A PIE factory has been ordered to pay almost £375,000 for breaching health and safety regulations after a supervisor died in a huge explosion.

Devastating gas explosion at Andrew Jones pie factory

A PIE factory has been ordered to pay almost £375,000 for breaching health and safety regulations after a supervisor died in a huge explosion.

Dad-of-two David Cole, 37, arrived at Andrew Jones (Pies) Ltd in on Old Leeds Road in Huddersfield at 3.30am on April 10, 2009, and tried to light the ovens ready for when other employees arrived at 5am - but after making repeated attempts to light one, gas built up inside the directly fired oven, causing the blast.

The Health and Safety Executive carried out an investigation of the premises and confirmed that the accident had occurred due to Mr Cole making repeatedm unsuccessful attempts to light the oven.
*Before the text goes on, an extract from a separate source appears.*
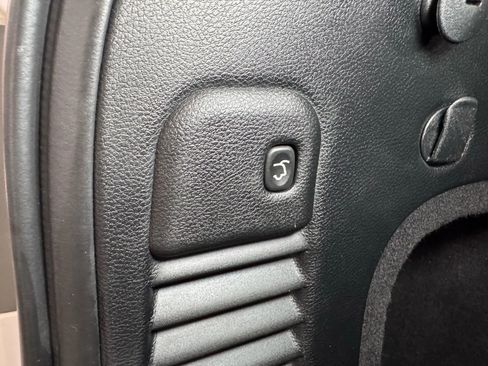 Used 2018 Jeep Grand Cherokee Limited image 37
Judge Guy Kearl, QC, told York Crown Court today that the company "failed to give basic training to its employees and there was no risk assessment given to stop an employee trying to light the oven more than once".
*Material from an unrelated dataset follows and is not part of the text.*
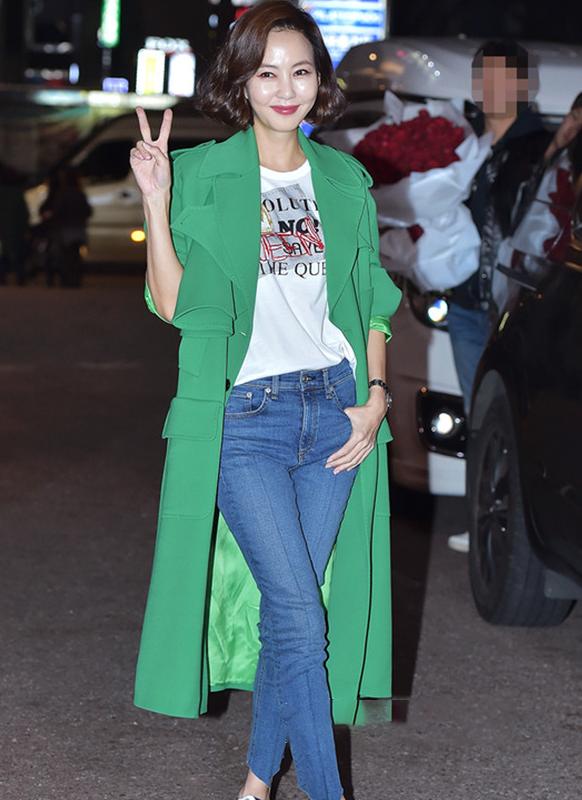 金南珠一身灰现身配红色贝雷帽洋气减龄不愧是韩国版陈数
He said: "Employees were not made aware of the written instructions about how to operate the ovens.

"The company failed dismally and these failures substantially led to the death of Mr Cole.

"The explosion blew out the windows of the building and Mr Cole was killed in it.

"Mr Cole was not to blame and this was an ongoing situation rather than an isolated incident."

The company, which had been carrying out business since 2005, was charged in August 2012 after going into administration 15 months earlier.  

The assets of Andrew Jones (Pies) Ltd have since been sold to a new company called AJ Pies and Pastries Ltd, which have retained the same staff.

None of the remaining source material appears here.